• [YOUR TASK]: Find the line below with "Audi RS Q8 SUV" and the line with "68 STOWMARKET STREET, Caledon, Ontario". Output them and the lines between, exactly, but not the pictures.

• [EXTRACTED ENTRIES]:

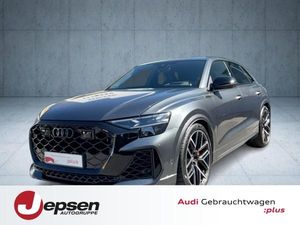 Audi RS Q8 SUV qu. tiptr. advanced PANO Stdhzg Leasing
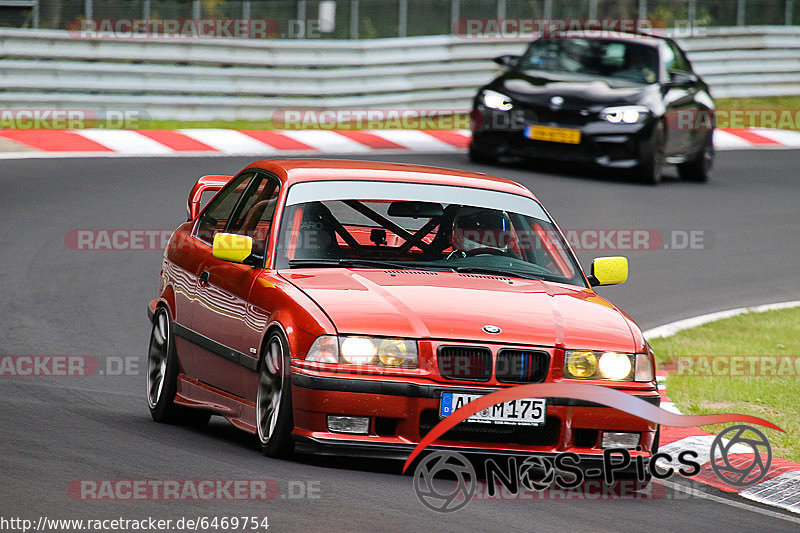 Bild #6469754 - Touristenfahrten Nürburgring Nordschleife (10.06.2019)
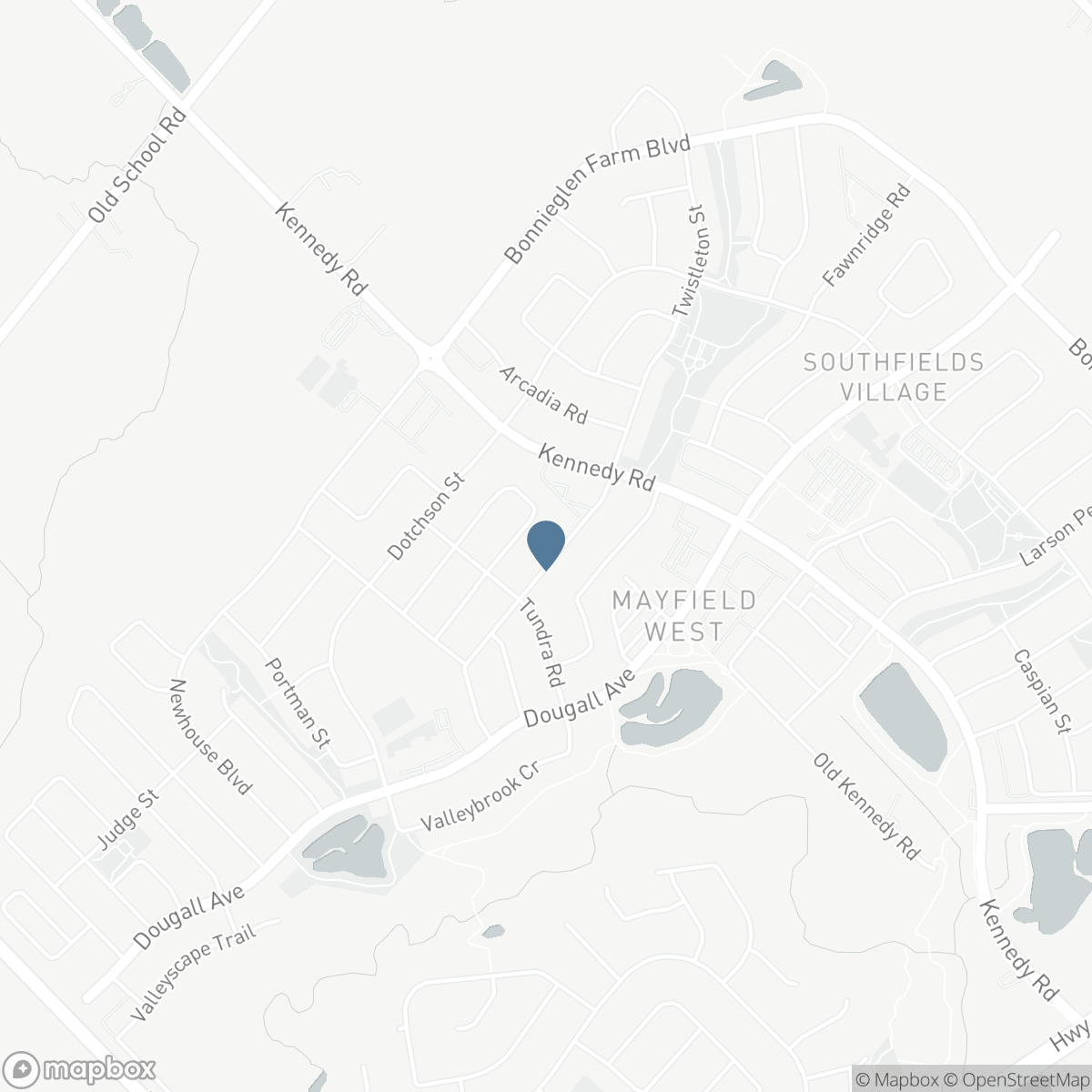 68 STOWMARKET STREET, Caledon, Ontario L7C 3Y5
* * *
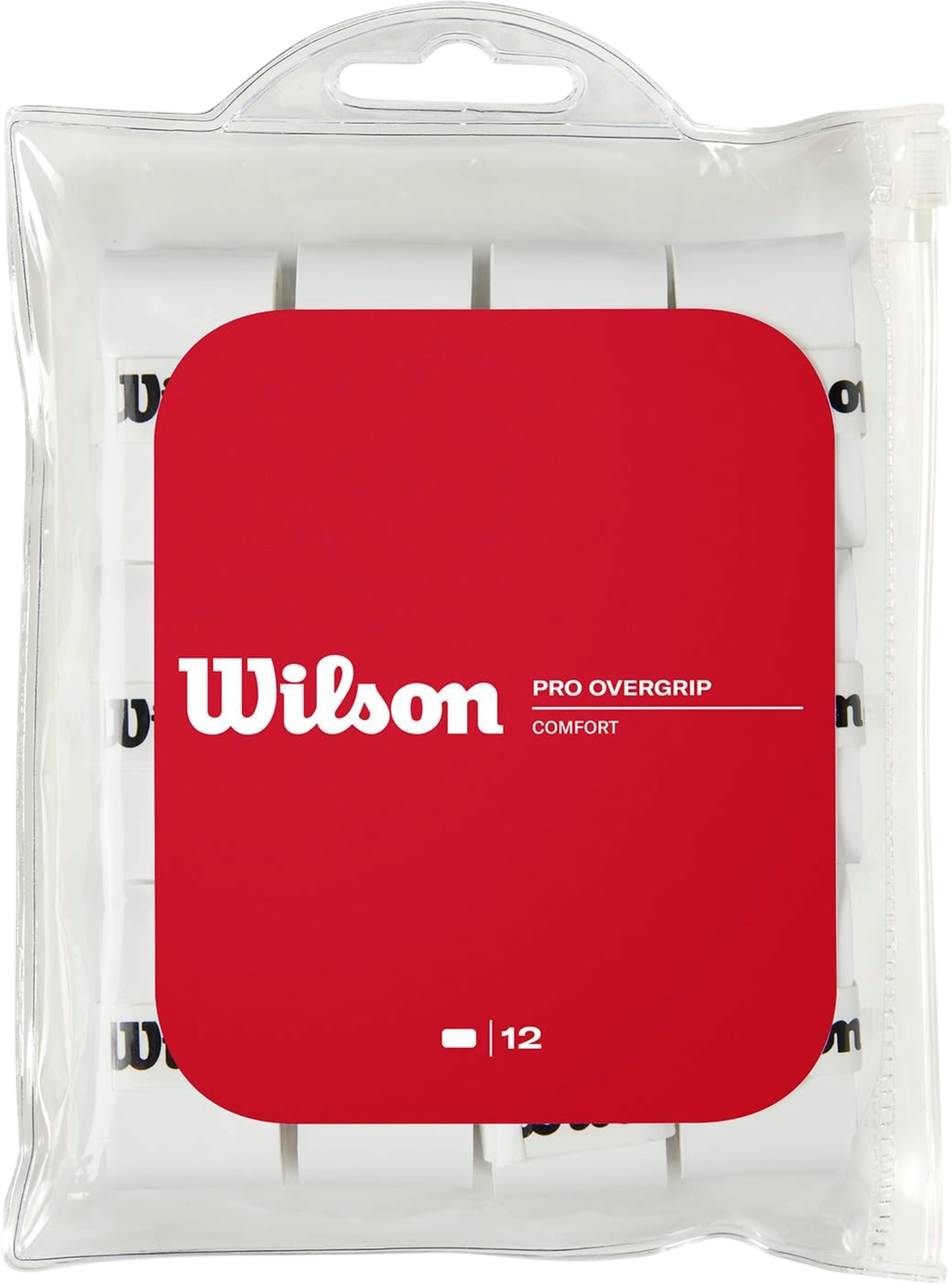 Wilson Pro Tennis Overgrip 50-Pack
--
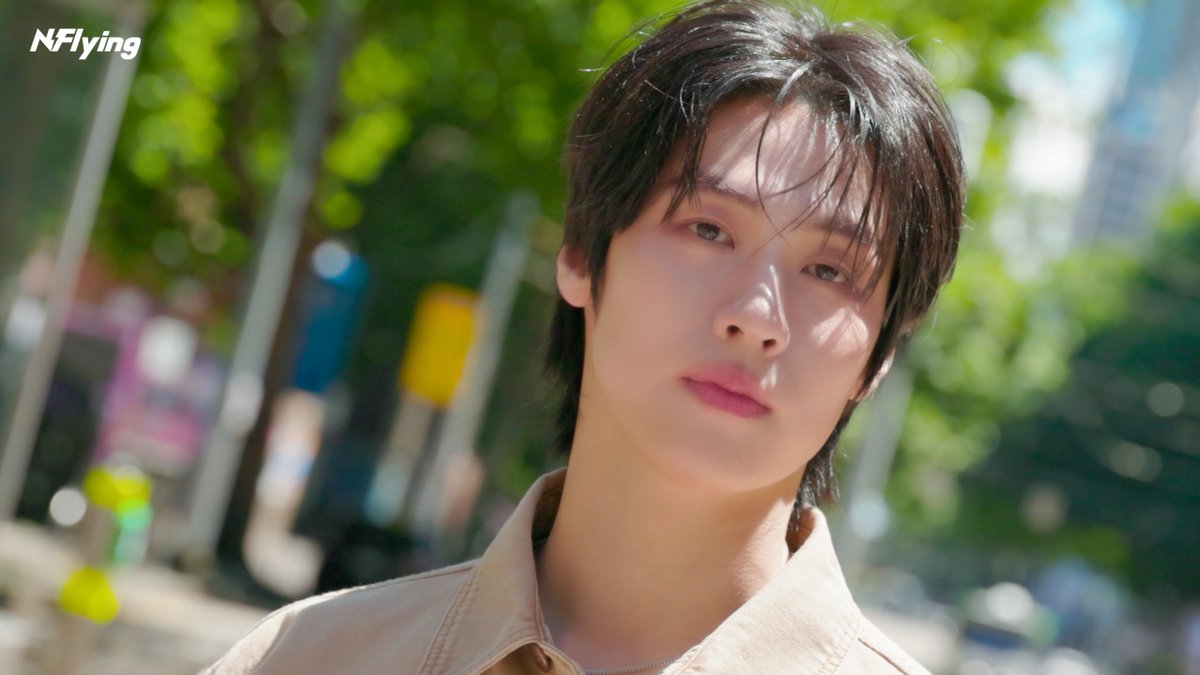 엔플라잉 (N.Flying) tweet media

• [RESPONSE BOX]:
 Audi RS Q8 SUV qu. tiptr. advanced PANO Stdhzg Leasing
 Bild #6469754 - Touristenfahrten Nürburgring Nordschleife (10.06.2019)
 68 STOWMARKET STREET, Caledon, Ontario L7C 3Y5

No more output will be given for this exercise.